> [Assignment]: Pictures appear among the records below and must be omitted. Repeat exactly the lines from the line with "Neo-Classical Intaglio Gold" to the line with "Québec promet de", both included.

> [Data provided]:
== Segment start ==

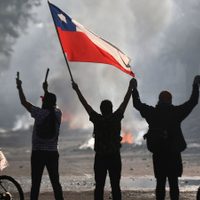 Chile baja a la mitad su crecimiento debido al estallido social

== Segment end ==
== Segment start ==

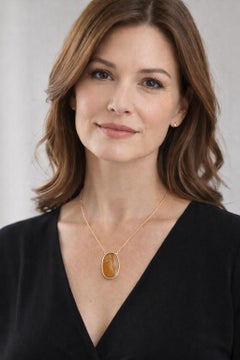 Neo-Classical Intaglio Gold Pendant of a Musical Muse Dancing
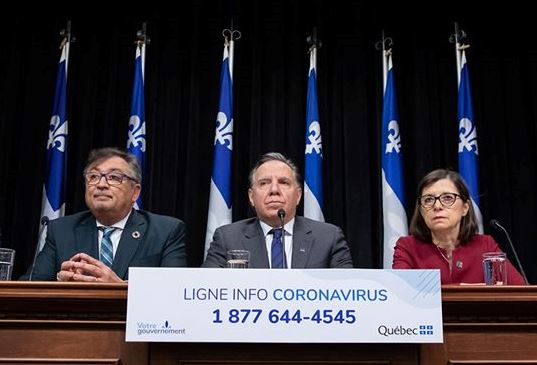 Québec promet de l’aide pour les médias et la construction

== Segment end ==

> [Solution to the exercise]:
 Neo-Classical Intaglio Gold Pendant of a Musical Muse Dancing
 Québec promet de l’aide pour les médias et la construction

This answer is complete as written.